La gouvernance à l’heure de la mondialisation
Il ressort de cette étude que la gouvernance des grandes entreprises françaises connaît une mutation radicale. Entre 2015 et 2023, la part des administrateurs français est passée de 92 % à 74 %, et celle des directeurs généraux français de 90 % à 82 %. Ce changement est en grande partie lié à la transformation de l’actionnariat, dominé par des fonds internationaux qui nomment des administrateurs étrangers.
Il en découle des risques multiples, tels que la perte d’influence politique : l’État français perd sa capacité à influencer les décisions des grandes entreprises françaises stratégiques. Ou la réduction de la réactivité face aux crises, les dirigeants et administrateurs étrangers, peu sensibilisés aux enjeux locaux, pouvant être amenés à prioriser des stratégies globales. L’impact sur l’emploi constitue un autre péril. La priorité accordée à la rentabilité mondiale peut conduire à des fermetures de sites en France au profit de délocalisations.

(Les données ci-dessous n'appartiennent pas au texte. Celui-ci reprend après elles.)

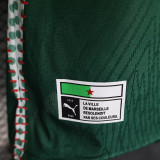 2026 MS Special Edition Player Version Soccer Jersey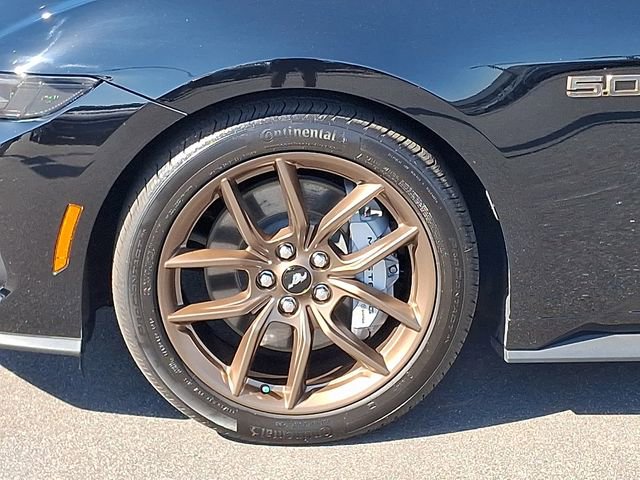 Certified 2025 Ford Mustang GT Premium RWD image 29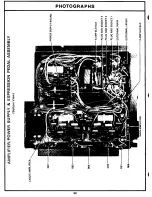 Предварительный просмотр 60 страницы Lowrey Organs Tlocks-25 Holiday Console Service Manual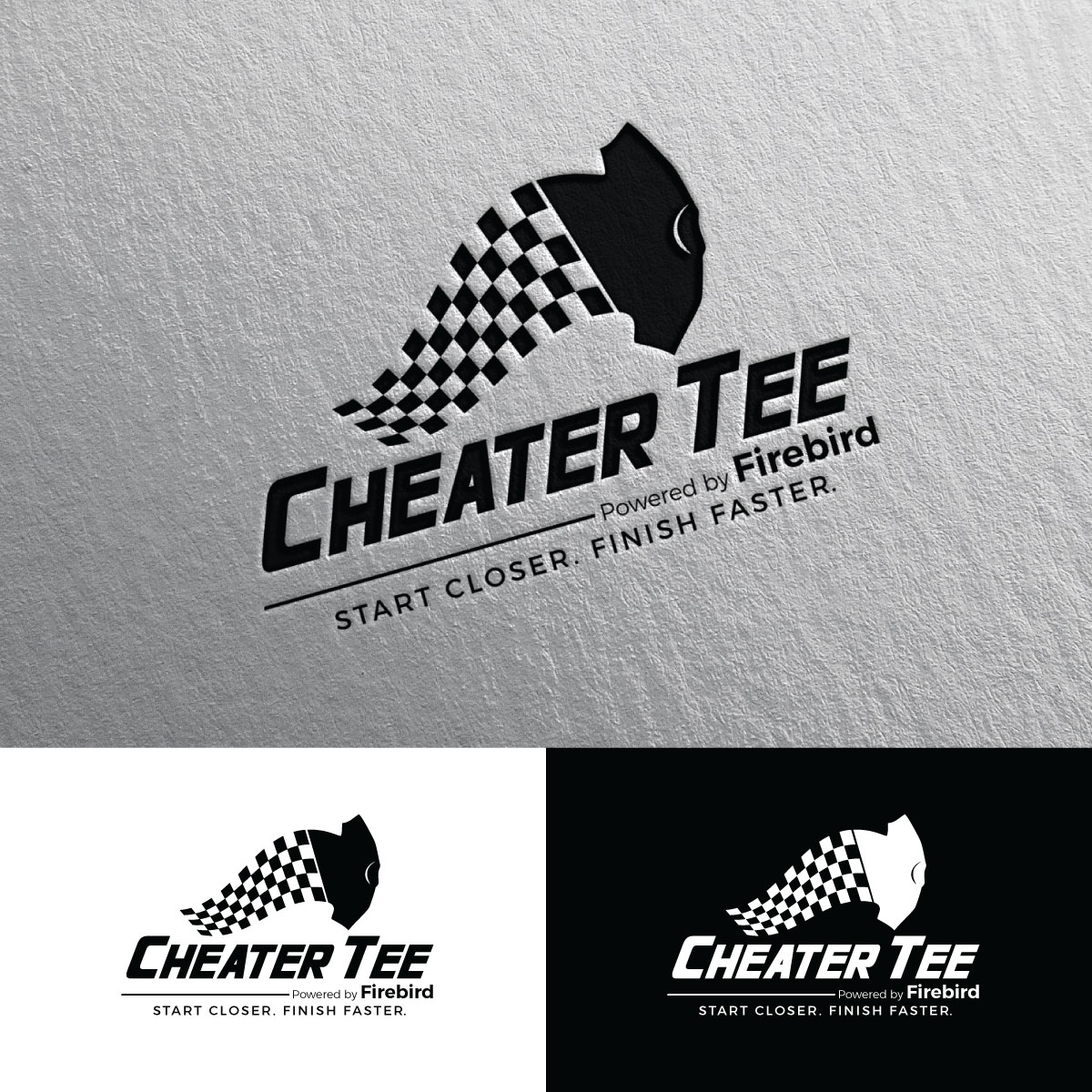 Logo Design by Rii for 30 prints | Design #23715216
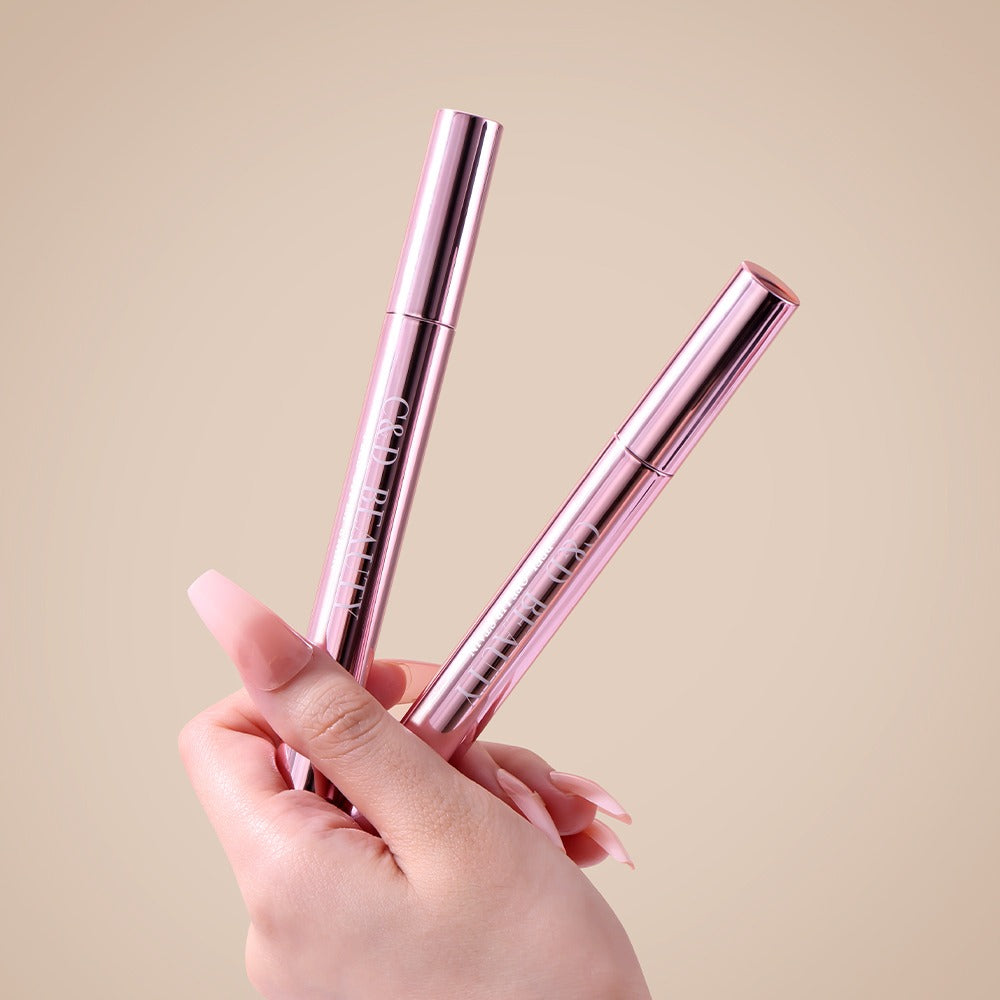 RTS: Peel Off Lip Stain by C & D Beauty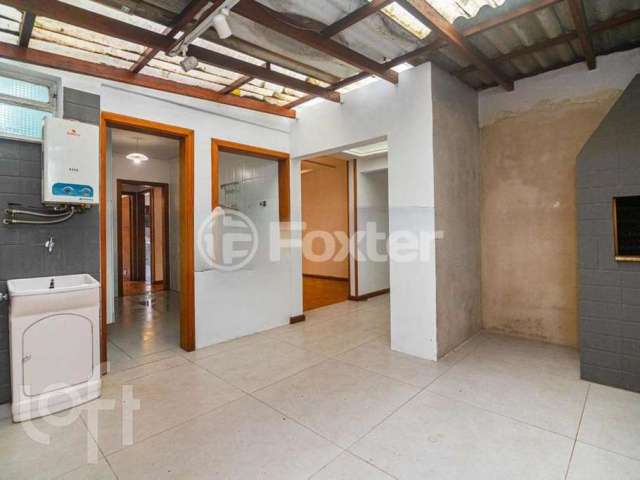 Apartamento com 2 quartos à venda na Rua Olavo Bilac, 313, Azenha, Porto Alegre, 66 m2 por R$ 340.000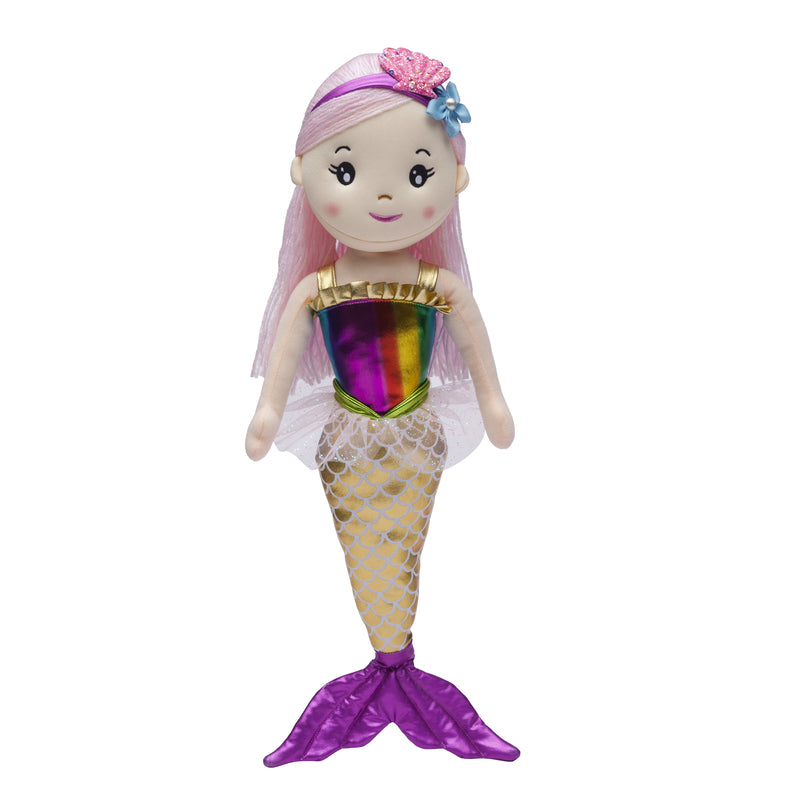 Marina Mermaid Doll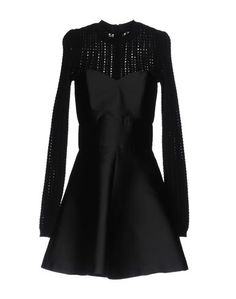 Короткое платье RED Valentino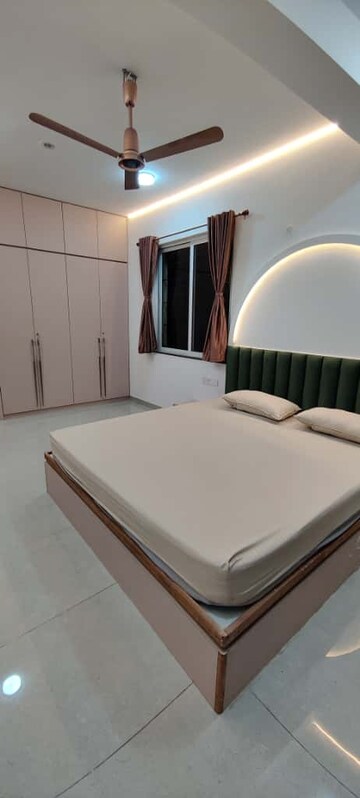 Furnished Amenities in 3 BHK Apartment at Mapusa – for Rent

Quelles implications pour l’avenir ?
À l’horizon 2035, les perspectives sont préoccupantes. Si la dynamique actuelle se poursuit, les administrateurs français deviendront minoritaires dans les conseils d’administration des grandes entreprises françaises. Une telle évolution aurait des implications profondes :
- Affaiblissement de la souveraineté économique : Les grands groupes français deviendraient des « entreprises de nulle part », guidées par des impératifs financiers globaux.
- Perte de contrôle stratégique : L’État perdrait son pouvoir d’orientation sur des secteurs clés, notamment en matière de transition énergétique et de politique industrielle.
- Fragmentation du tissu économique national : Les fermetures de sites et les délocalisations d’emplois s’intensifieraient, accentuant la fracture territoriale en France.
Cette étude nous invite à repenser le modèle des grandes entreprises françaises cotées. Le « grand déracinement » est déjà à l’œuvre, au travers de la dilution de l’actionnariat national, de la perte d’autonomie des conseils d’administration et de l’internationalisation des dirigeants. La trajectoire est claire. Si rien n’est fait, les grandes entreprises françaises se transformeront en entités globales, sans attache forte avec la France.
L’État doit-il renforcer son contrôle sur ces entreprises ? Faut-il favoriser un « capitalisme enraciné » ? Ces questions demeurent ouvertes, mais l’urgence d’une réflexion stratégique s’impose.
Cet article est basé sur l’étude « Vers un grand déracinement ? Gouvernance et empreinte économique des entreprises françaises cotées » de Sébastien Winston, Haithem Nagati et Bertrand Valiorgue, publiée en 2024 par l’Institut Français de Gouvernement des Entreprises.